[ANN] LinearCombinations.jl: formal linear combinations + (multi)linear maps

LinearCombinations.jl

This package addresses a very specific part of symbolic computation: formal linear combinations and linear maps between them. Multilinear maps and tensors are also supported. Formal linear combinations come up in many parts of (pure) mathematics, for example as elements of the group ring of a group or as simplicial chains in a simplicial complex.

The overall aim of the package is to provide functions that are easy to use and at the same time fast enough to deal with large linear combinations having millions of terms. The terms can be of any type, and coefficients can be in any commutative ring with unit. In the examples below we use Char and String for terms together with integer coefficients.

LinearCombinations.jl comes with an extensive documentation. For a use case, see the package SimplicialSets.jl.

Linear combinations

The type Linear can store any number of term-coefficient pairs. Term type and coefficient type are automatically determined if possible.

julia> a = Linear('x' => 1, 'y' => 2)
Linear{Char, Int64} with 2 terms:
'x'+2*'y'

julia> b = Linear('z' => 3, 'w' => -1)
Linear{Char, Int64} with 2 terms:
-'w'+3*'z'

julia> c = a + 2*b - 'v'
Linear{Char, Int64} with 5 terms:
-2*'w'+'x'+2*'y'-'v'+6*'z'

julia> c .-= 2 .* b  # in-place modification
Linear{Char, Int64} with 3 terms:
'x'+2*'y'-'v'

Linear combinations with non-concrete types are also possible.
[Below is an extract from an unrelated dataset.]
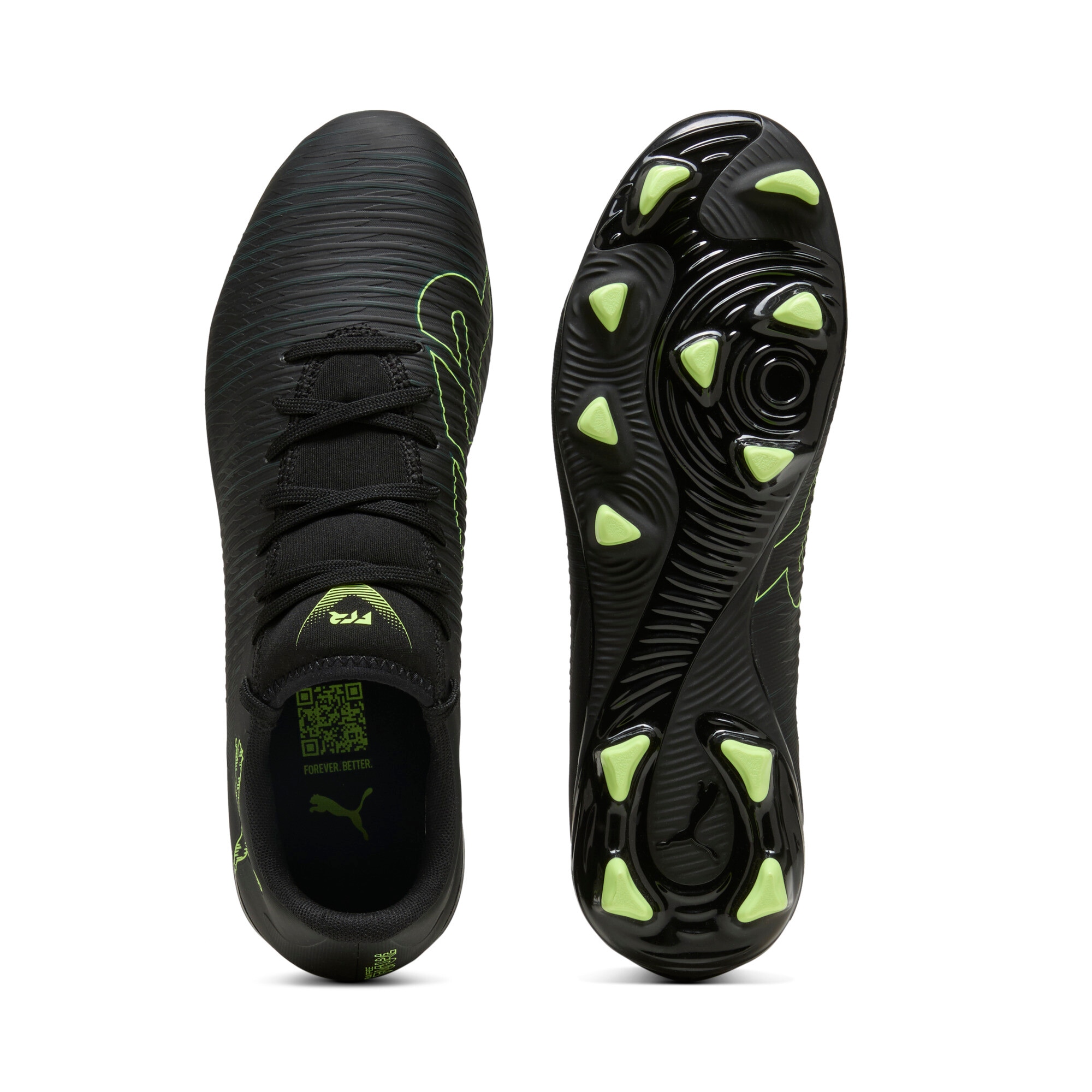 PUMA Fussballschuh »FUTURE 8 PLAY FG/AG«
For Linear, the terms and coefficients are internally stored in a dictionary. In contrast, the type DenseLinear uses a coordinate vector with respect to a chosen basis.

Linear maps

The following linear function maps terms to terms. Linearity is achieved via the macro @linear.

julia> @linear f; f(x::Char) = uppercase(x);

julia> f(a)
Linear{Char, Int64} with 2 terms:
2*'Y'+'X'

Here is another linear function, this time mapping terms to linear combinations.

julia> @linear g; g(x::Char) = Linear(f(x) => 1, x => -1);

julia> g(a)
Linear{Char, Int64} with 4 terms:
2*'Y'-'x'-2*'y'+'X'

(A more efficient implementation of g would use the keyword arguments addto and coeff, see @linear_kw.)

Multilinear maps

Multiplication is bilinear by default. Recall that multiplying Char or String values in Julia means concatenation.

julia> a * 'w'
Linear{String, Int64} with 2 terms:
"xw"+2*"yw"

julia> a * b
Linear{String, Int64} with 4 terms:
-"xw"+6*"yz"-2*"yw"+3*"xz"

For a user-defined function, bilinearity (or higher multilinearity) is achieved with the macro @multilinear.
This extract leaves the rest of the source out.